【ブールドロ】
「ブールドロ」は、丸のままのリンゴの実をパイ生地で包んで焼いたフランスの菓子。
16世紀には作られていた記録がある伝統的な菓子である。古くは脱穀作業の季節の?に、近所から持ち寄った材料で作る習慣があった。ノルマンディー地方が本場とされる。
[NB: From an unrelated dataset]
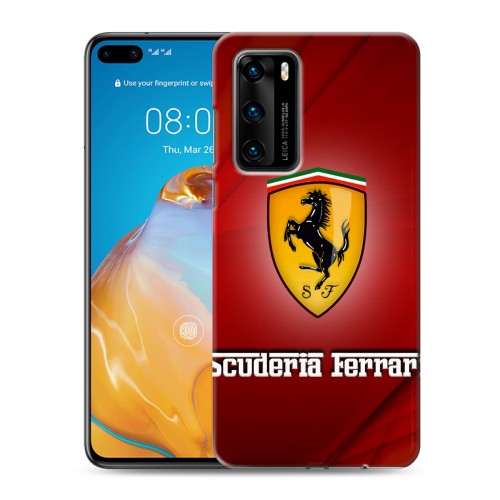 Дизайнерский пластиковый чехол для Huawei P40 Ferrari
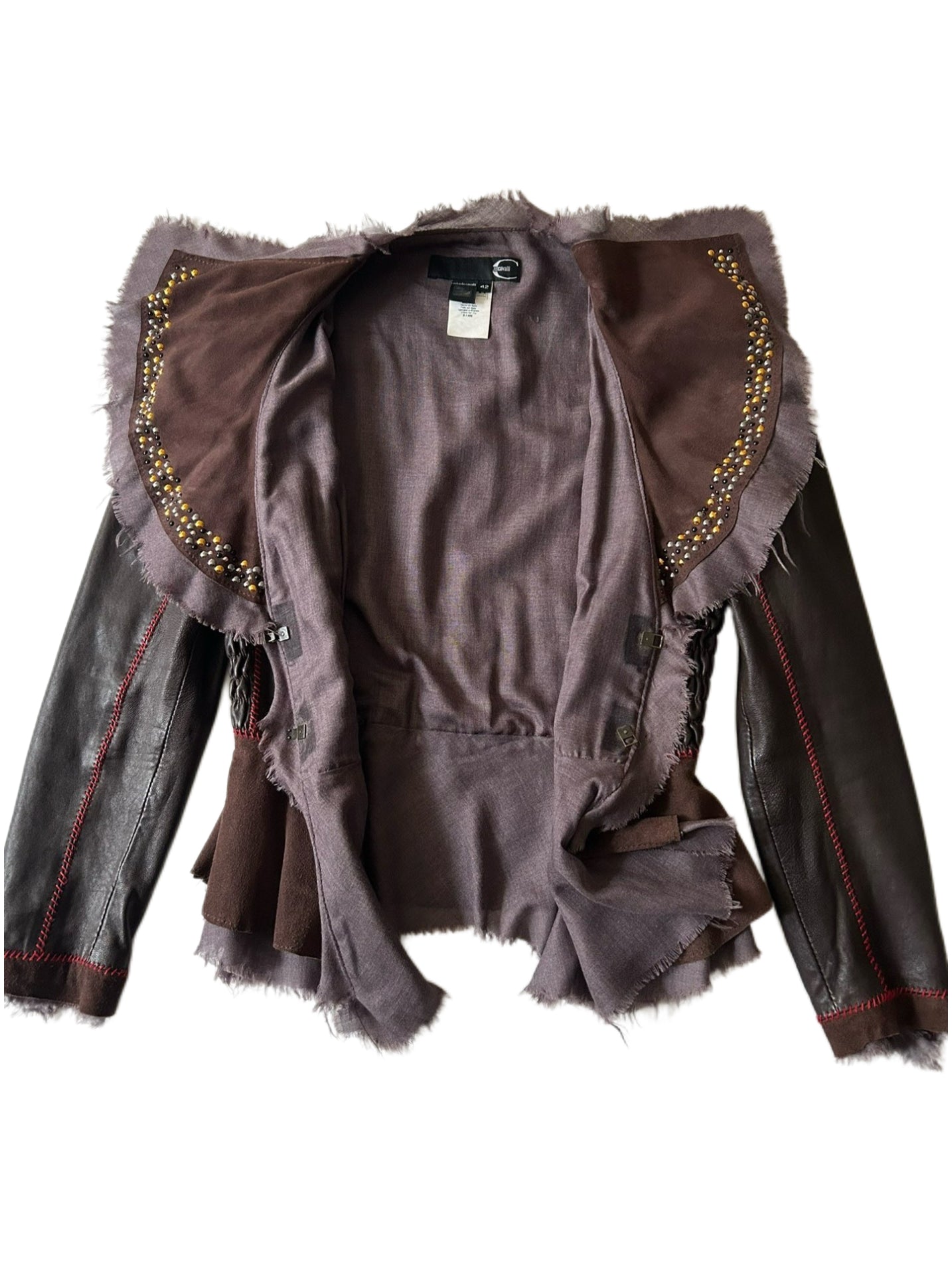 Roberto Cavalli Early 2000s Rare Distressed Leather Peplum Jacket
「ブールドロ」というのはノルマンディーでの呼び名であり、語源はフランク語起源のフランス語の古語「bihurder(冗談を言う)」とされる。パリ郊外のベルシュ地方では「ブールデーヌ(私生児)」、オルレアンでは「ガロパン(小僧を指す名詞だが関連性は不明)」、ピカルディ地域圏やアルデンヌ県では「ラポート(オランダ語の古語でウサギ)」、の地方名を持つ。
『作り方』
焼きリンゴと同じようにリンゴの芯を抜いて砂糖とバター、あるいはグロゼイユのジャム、アーモンドのパウダーなどを詰める。リンゴはノルマンディー特産のカルヴィル種を使うのが正統。折り無パイ生地や練りパイ生地で包み、卵黄を塗ってオーブンで焼く。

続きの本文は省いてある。